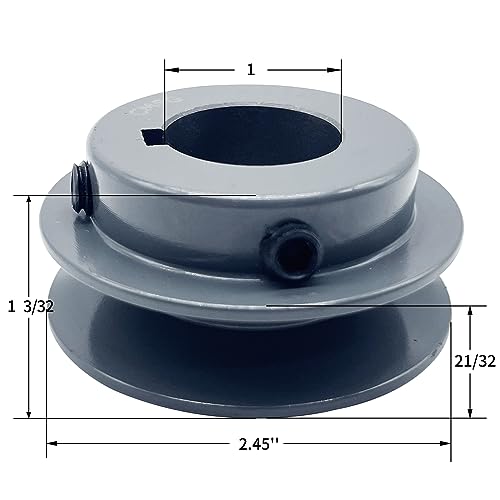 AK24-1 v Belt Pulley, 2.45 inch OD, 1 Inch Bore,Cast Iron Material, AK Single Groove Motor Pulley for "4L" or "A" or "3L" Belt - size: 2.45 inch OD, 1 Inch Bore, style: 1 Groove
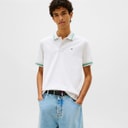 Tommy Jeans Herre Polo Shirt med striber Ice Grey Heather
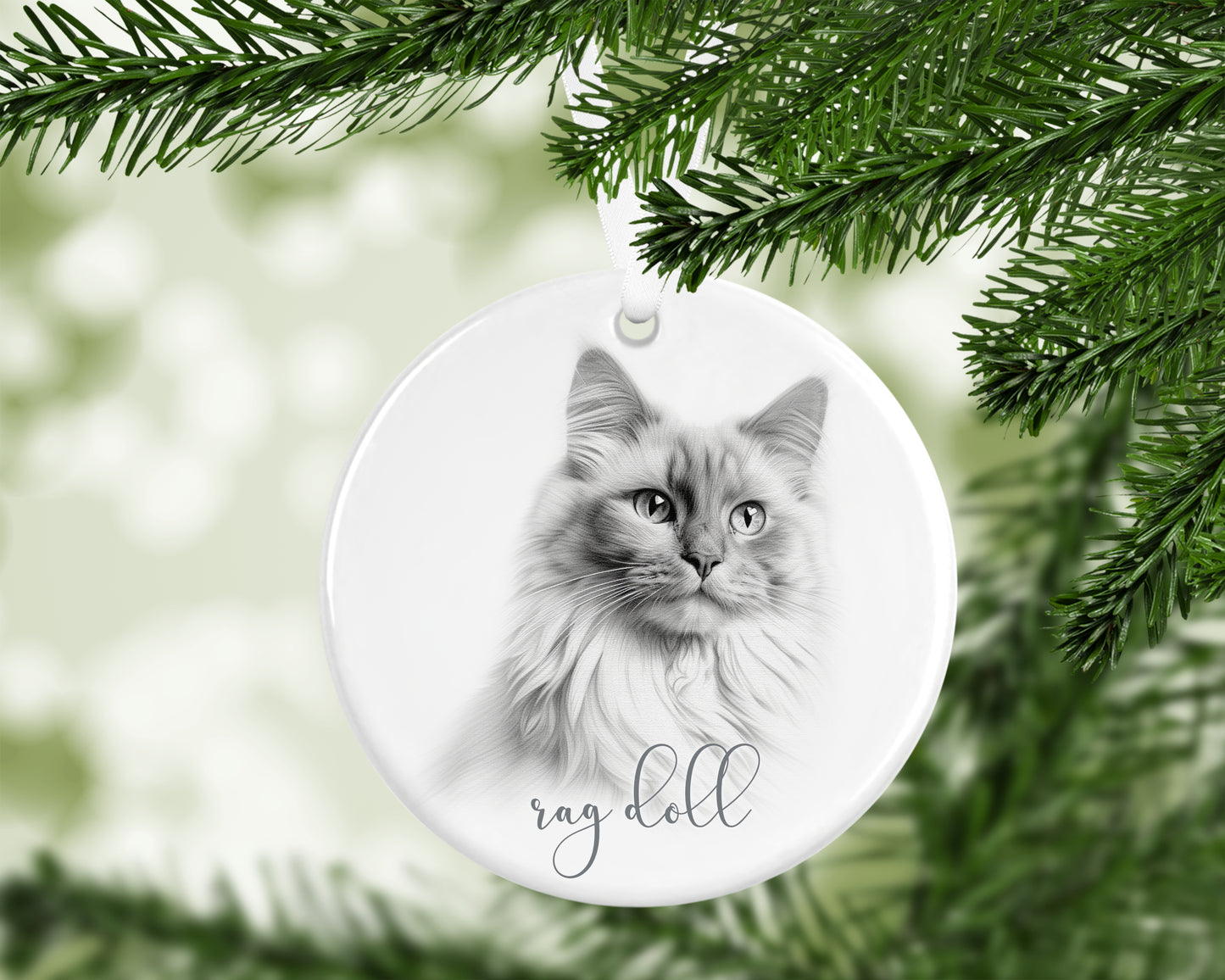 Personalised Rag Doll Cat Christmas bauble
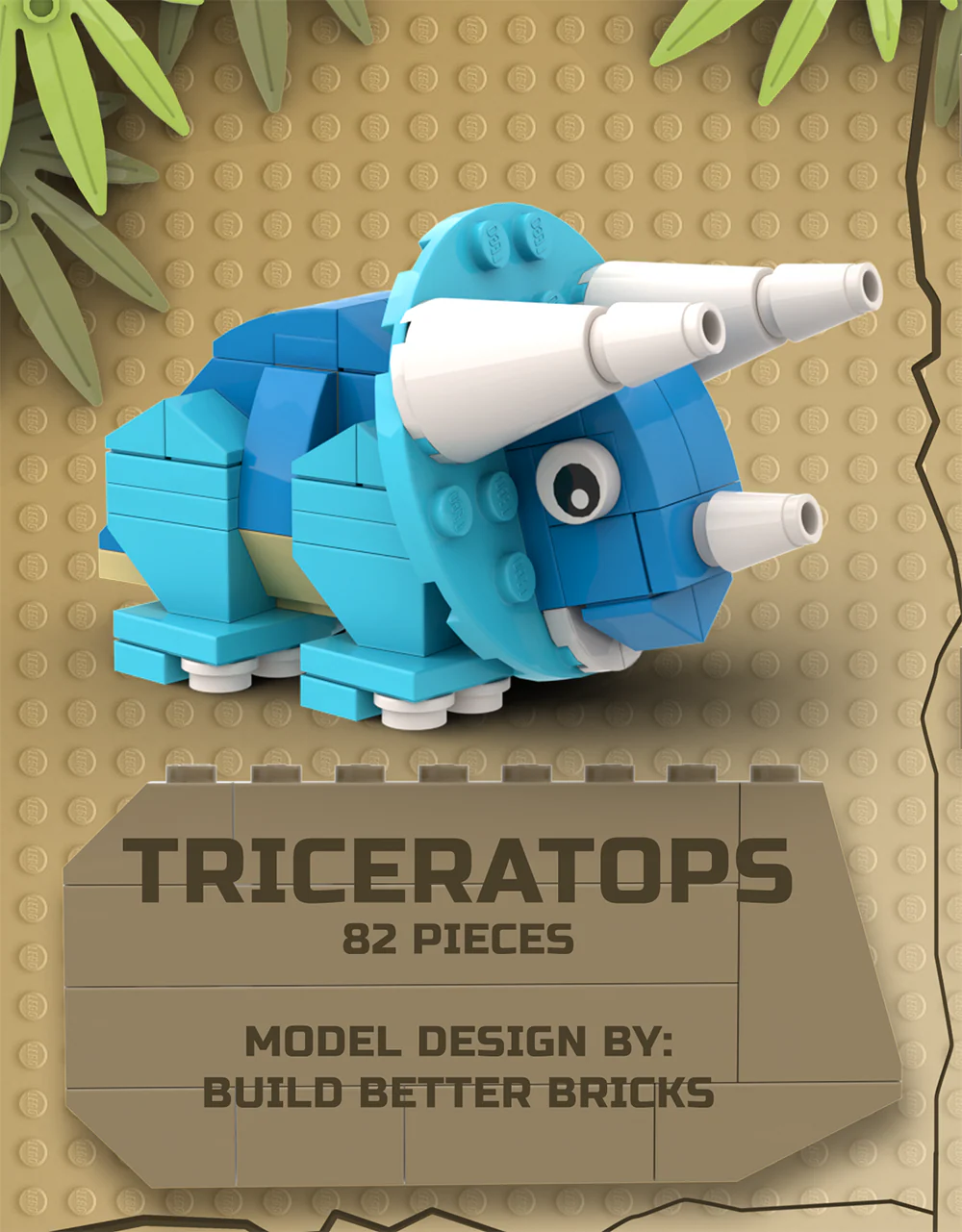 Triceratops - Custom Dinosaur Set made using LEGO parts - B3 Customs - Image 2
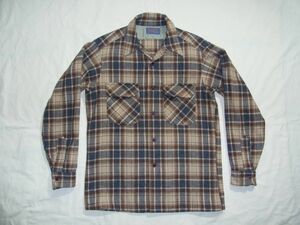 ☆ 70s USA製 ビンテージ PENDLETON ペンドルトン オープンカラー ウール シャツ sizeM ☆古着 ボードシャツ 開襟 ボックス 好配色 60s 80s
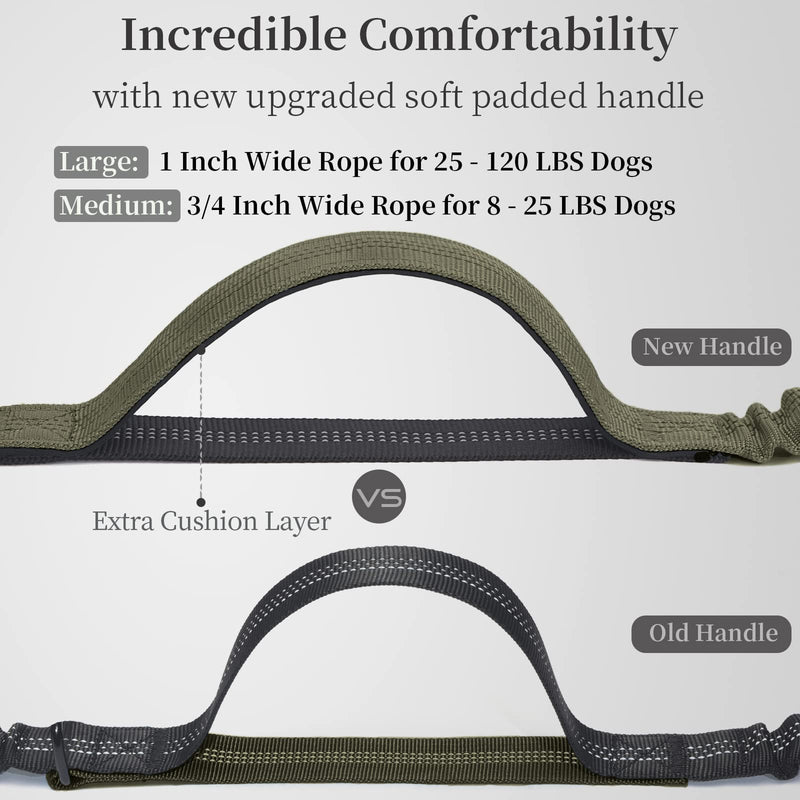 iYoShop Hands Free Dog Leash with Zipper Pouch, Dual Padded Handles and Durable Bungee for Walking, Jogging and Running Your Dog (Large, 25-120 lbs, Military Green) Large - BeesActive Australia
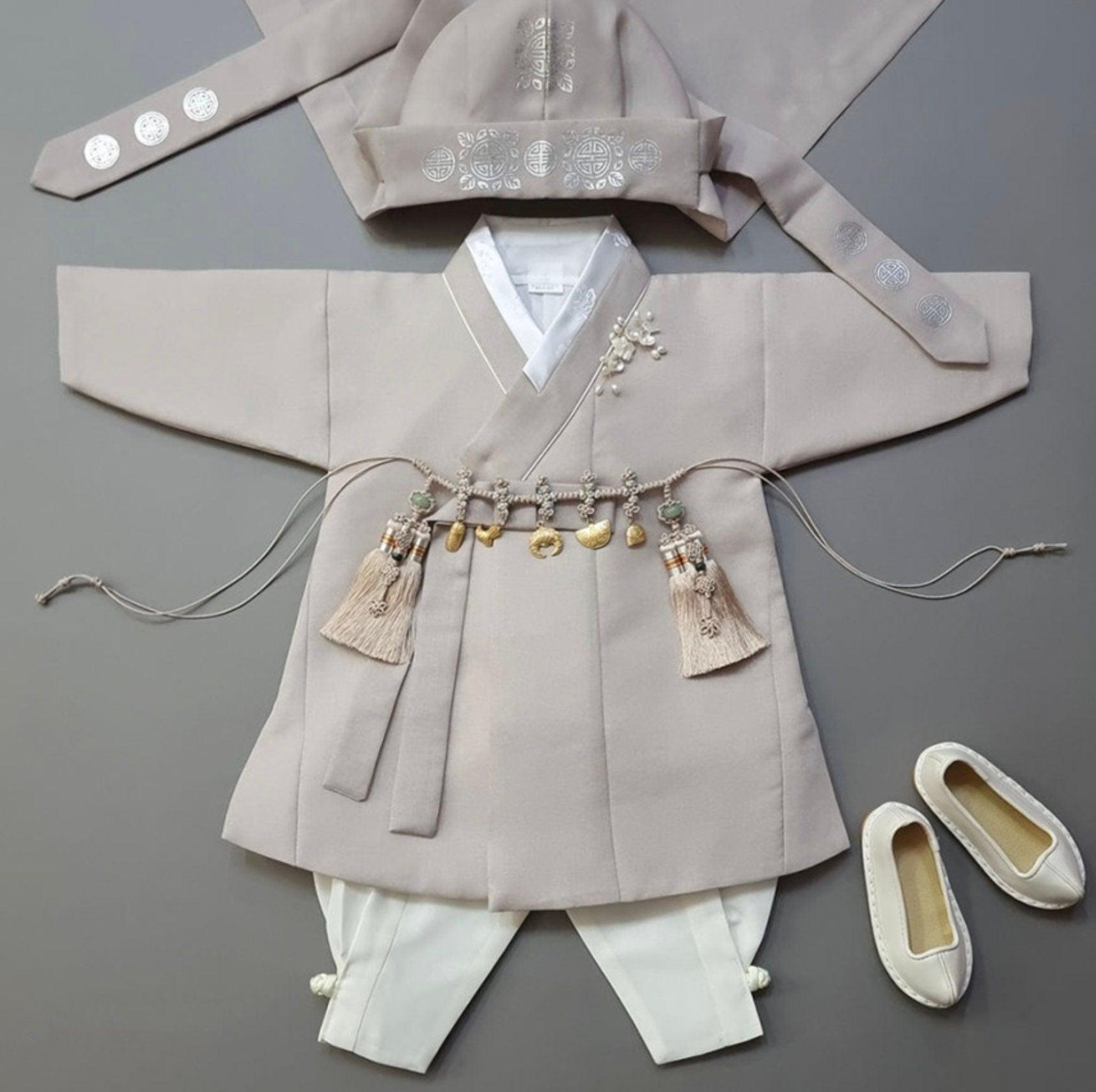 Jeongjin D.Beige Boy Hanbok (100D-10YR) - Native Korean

==========

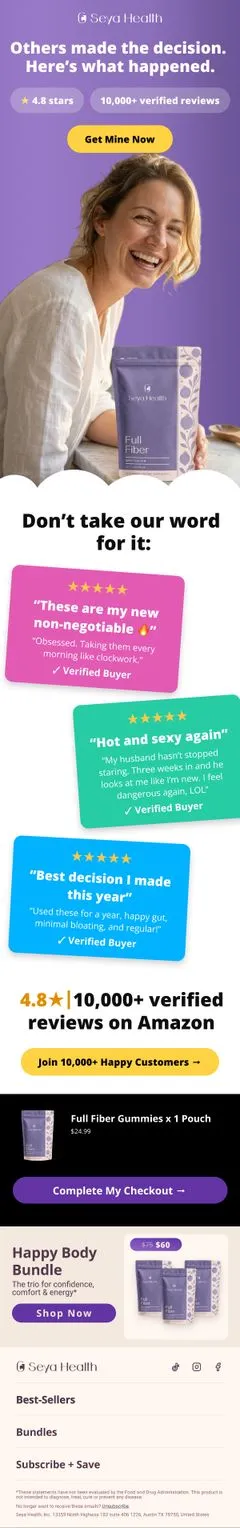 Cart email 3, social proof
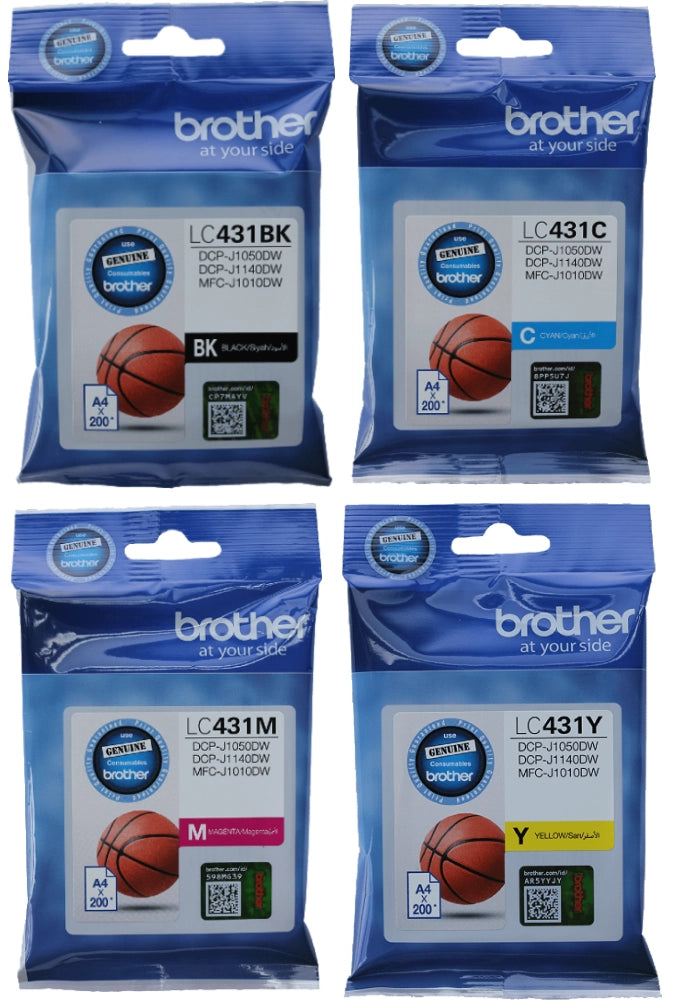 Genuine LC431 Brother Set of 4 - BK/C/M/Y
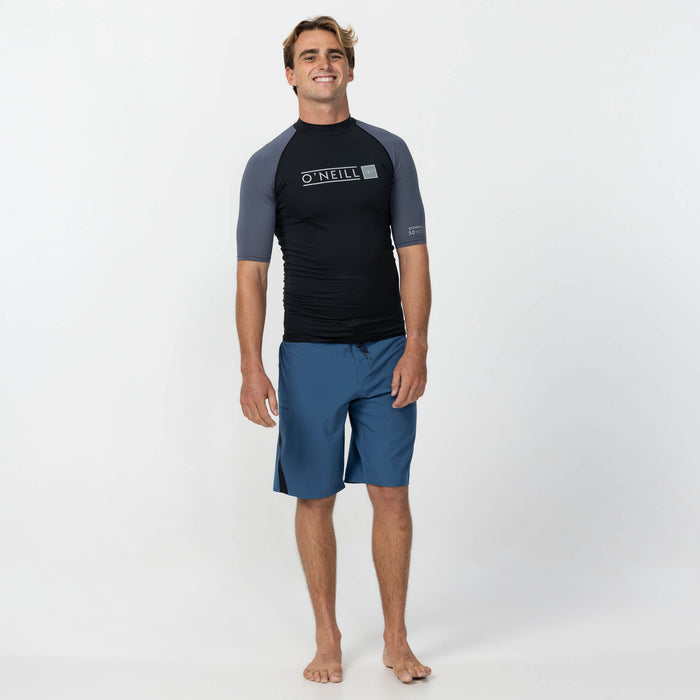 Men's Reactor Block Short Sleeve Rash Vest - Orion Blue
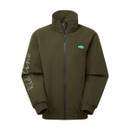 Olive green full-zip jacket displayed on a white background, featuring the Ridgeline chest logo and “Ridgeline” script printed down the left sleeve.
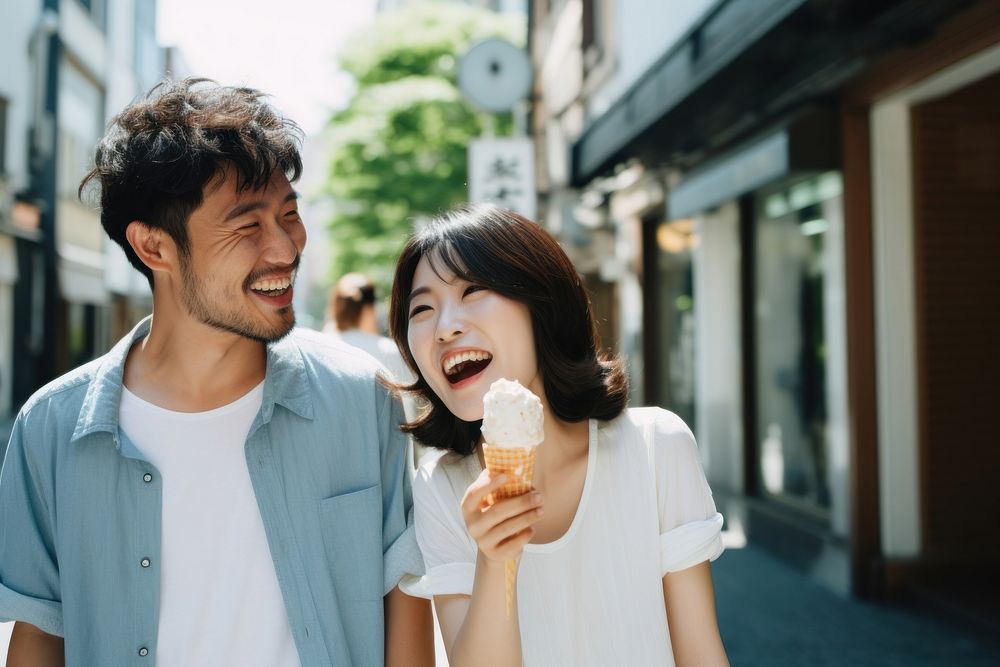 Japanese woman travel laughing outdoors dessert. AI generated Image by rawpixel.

==========

[Assignment] Using the data above, return the lines from the one holding "Olive green full-zip" through the one holding "Japanese woman travel" exactly, but not the pictures.

[Expected answer]
 Olive green full-zip jacket displayed on a white background, featuring the Ridgeline chest logo and “Ridgeline” script printed down the left sleeve.
 Japanese woman travel laughing outdoors dessert. AI generated Image by rawpixel.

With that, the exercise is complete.